Renovating Four REIT-owned Landmarks

Four notable REIT-owned properties undergo makeovers to enhance their market appeal.

REIT magazine: November/December 2019

The Empire State Building, New York, NY

Unlike some fine wines, everything does not improve with age. Real estate owners and asset managers understand that buildings, no matter the sector, need occasional remodeling, either to meet the needs of current or prospective tenants, to avoid obsolescence, or to keep the property competitive in its market.

“In order to compete effectively in most property sectors, one needs to invest a sizable amount of capital in ongoing maintenance and improvements,” says Cedrik Lachance, director of REIT research for Green Street Advisors. “The investment needs to be made in infrequent but recurring capital improvements to the property.”

Lachance says the frequency of upgrades varies by sector, by owner, and by market.

“Some owners prefer to maintain buildings consistently to high standards and other owners will elongate the period between renovations,” he adds. 

The case studies that follow offer a firsthand look at how some REITs have addressed four very different and distinctive capital improvement projects to maintain the relevance and appeal of their properties.

Empire State Realty Trust, Inc.
The Empire State Building
350 Fifth Ave., New York

In the first phase of an extensive rebuilding project, a new entrance to the Empire State Building Observatories opened at 20 West 34th Street

Roaring 1,454 feet above midtown Manhattan, the Empire State Building is one of New York’s—indeed, the nation’s and the world’s—most recognizable landmarks. But it’s not just a tourist attraction; the building, completed in 1931, is home to first-rate tenants in a wide variety of industries on its 76 office floors. 
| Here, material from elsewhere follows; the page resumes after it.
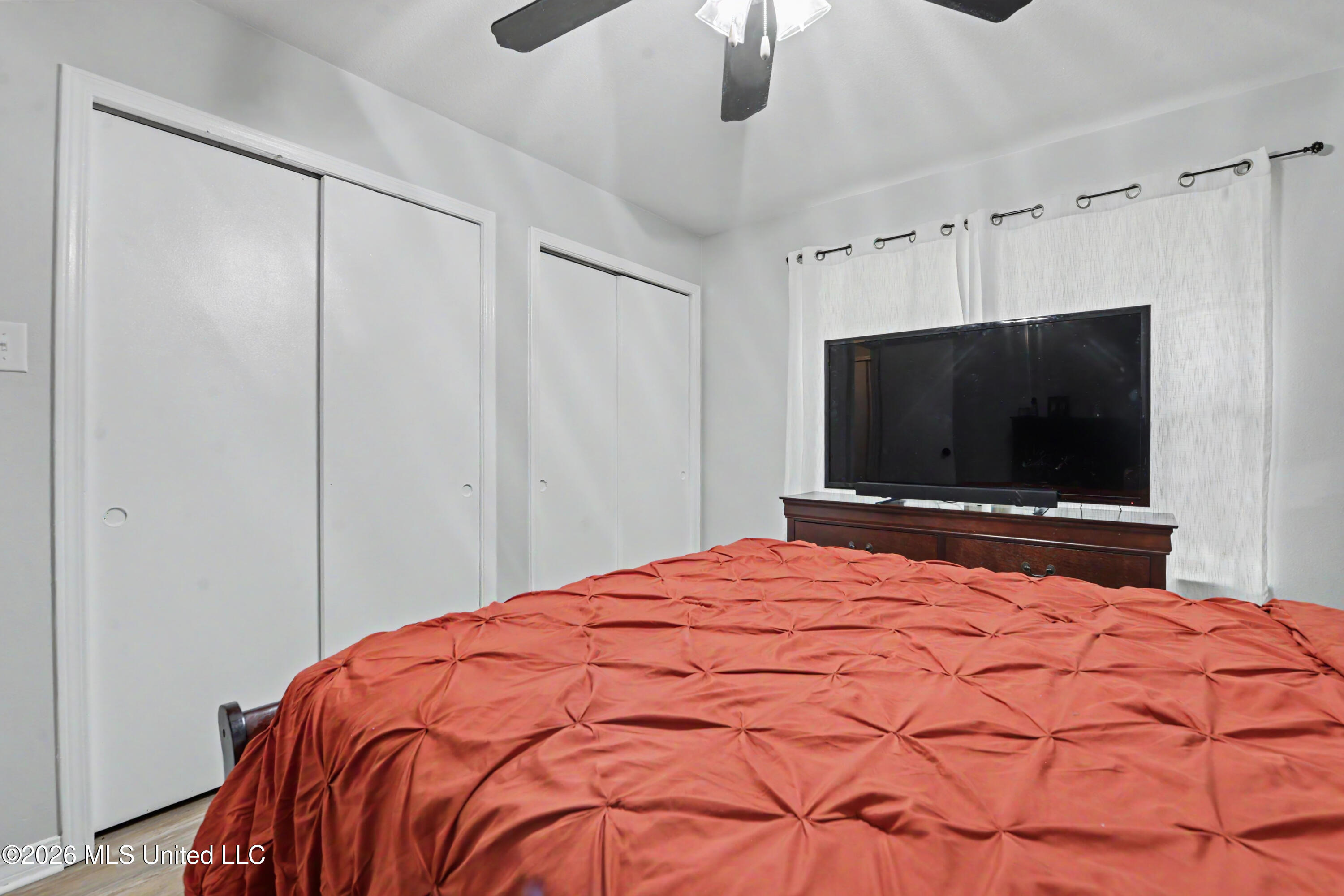 1537 S 10th Street Property Photo 9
In 2008, the building’s owner, Empire State Realty Trust, Inc. (NYSE: ESRT) announced a renovation project called Empire State ReBuilding. At the time, the office space included 752 individual suites that were about 90% occupied. According to Anthony E. Malkin, chairman and CEO, the renovations cost about a half billion dollars and included:

  • The complete restoration of the building’s Art Deco lobby; 
  • A complete upgrade and modernization of all back-of-house elements, ranging from the space where workers change their clothes to sophisticated energy-efficiency improvements;
  • Reformatting of the office space, where the largest lease was 50,000 square feet, to a building with multiple-floor tenants, some leasing up to half a million square feet, that include LinkedIn, Global Brands Group, Priceline, Coty, and Shutterstock. 
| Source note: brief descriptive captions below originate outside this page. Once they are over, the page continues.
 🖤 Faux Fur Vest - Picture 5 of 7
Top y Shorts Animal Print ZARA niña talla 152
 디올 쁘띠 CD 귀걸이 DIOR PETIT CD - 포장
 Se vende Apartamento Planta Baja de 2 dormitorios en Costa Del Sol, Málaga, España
“The building infrastructure work is done—all of the building area has been reformatted,” Malkin says. “As far as tenant spaces, we’re still in the process of a few hundred thousand square feet of office space that’s been redeveloped for re-tenanting.” 

As a result of the ReBuilding plan, Empire State was able to repurpose office space to attract larger, better-credit tenants, who signed longer-term leases at higher rents, Malkin says. Empire State also added tenant amenities to the building. Prior to embarking on the plan, the office space was at 90% occupancy; today, it’s 96.2% leased. Rents have skyrocketed, from the mid-$20s per occupied square foot to asking rents in the $80s today, according to Malkin.

“Our competitive position has now gotten to the point where our rents are equal to or superior to older trophy class-A buildings on Madison Avenue, Park Avenue, and Sixth Avenue,” Malkin says. “We’re still materially below rents of the brand-new class-A trophy buildings, and we have a terrific competitive position and great market performance.”

In April 2009, Empire State announced an extensive energy-efficiency retrofit in partnership with the Clinton Climate Initiative, Rocky Mountain Institute, Johnson Controls, and Jones Lang LaSalle. That program took three years to complete. “We have vastly exceeded the targets we set when we announced the project, which was a 38% reduction in energy consumption,” Malkin says. 

Meanwhile, the first phase of Empire State’s fully reimagined Observatory, the new entrance at 20 West 34th Street, opened in August 2018. Part of the decade-long ReBuilding project, the aim was to reposition 4.2 million visitors from the Fifth Avenue entrance, providing them with more space and a more organized flow. In July 2019, the second phase of the reimagined observatory opened. Located on the second floor of the building, a 10,000 square foot series of galleries take visitors on a visual journey from the building’s construction through to its current iconic place in pop culture. The third phase, the newly renovated 102nd floor Observatory, opened in October.

But work at the Empire State Building never ends, and Malkin is now looking into what he calls “Energy Efficiency Version 2.0.” 

“In the ensuing 10 years from when we made our last announcement, technology, services, and products have changed, and we have new legislation from New York City requiring improved energy efficiency,” he says. “So that’s underway.” 

Columbia Property Trust, Inc.
Market Square
701 and 801 Pennsylvania Ave., Washington, D.C.

Market Square’s iconic twin buildings were almost 30 years old and in need of enhancement.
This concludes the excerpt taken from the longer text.